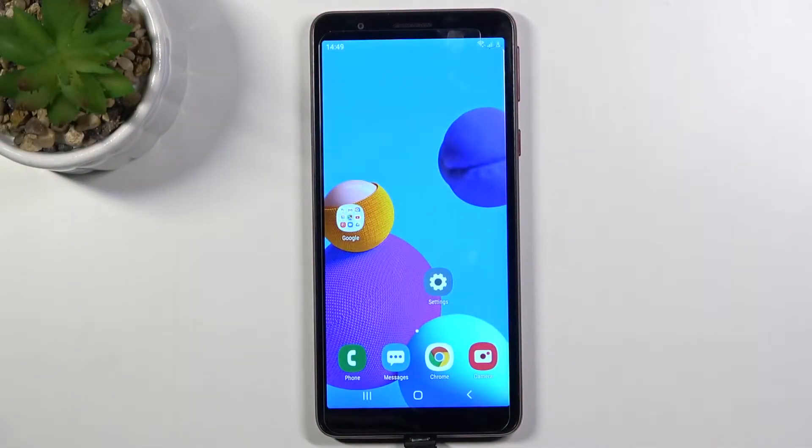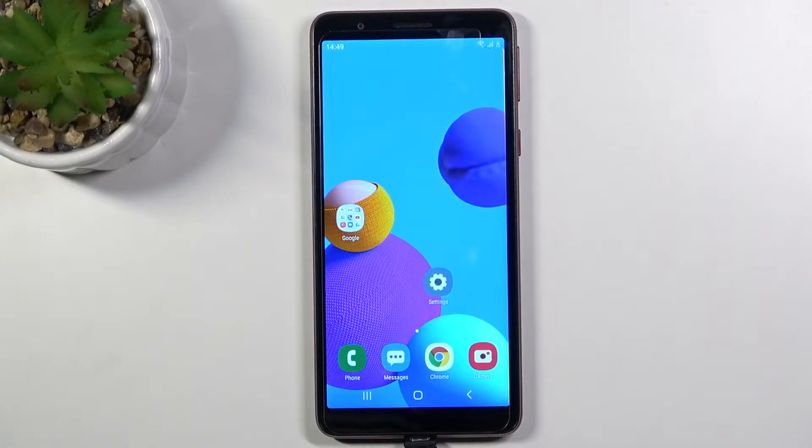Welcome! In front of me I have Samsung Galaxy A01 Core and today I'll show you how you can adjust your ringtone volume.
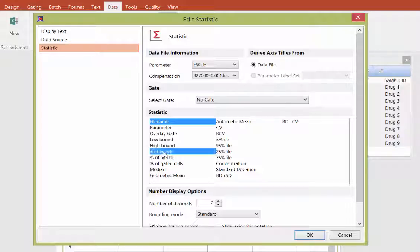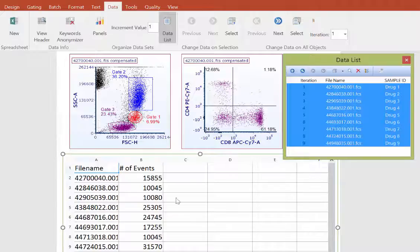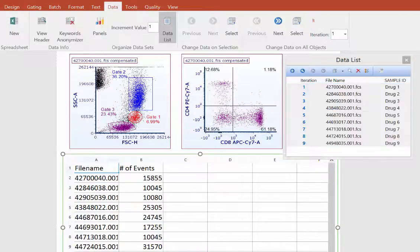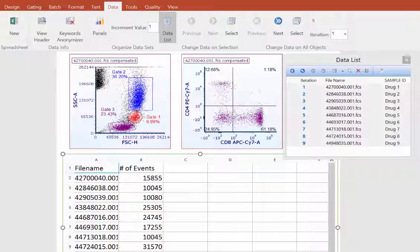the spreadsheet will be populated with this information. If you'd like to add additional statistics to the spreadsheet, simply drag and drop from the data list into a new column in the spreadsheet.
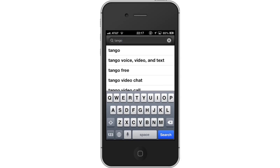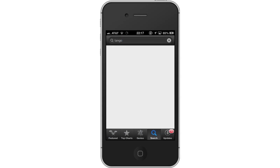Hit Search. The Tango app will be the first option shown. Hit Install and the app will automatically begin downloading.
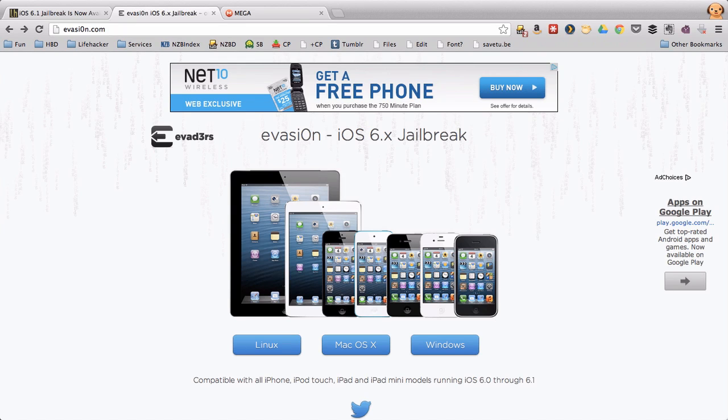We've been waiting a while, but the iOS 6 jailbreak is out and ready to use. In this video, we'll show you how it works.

WORK INSTRUCTIONS: Make an exact printout of the listing above, omitting the images.

RESPONSE:
Welcome! In front of me I have Samsung Galaxy A01 Core and today I'll show you how you can adjust your ringtone volume.
the spreadsheet will be populated with this information. If you'd like to add additional statistics to the spreadsheet, simply drag and drop from the data list into a new column in the spreadsheet.
Hit Search. The Tango app will be the first option shown. Hit Install and the app will automatically begin downloading.
We've been waiting a while, but the iOS 6 jailbreak is out and ready to use. In this video, we'll show you how it works.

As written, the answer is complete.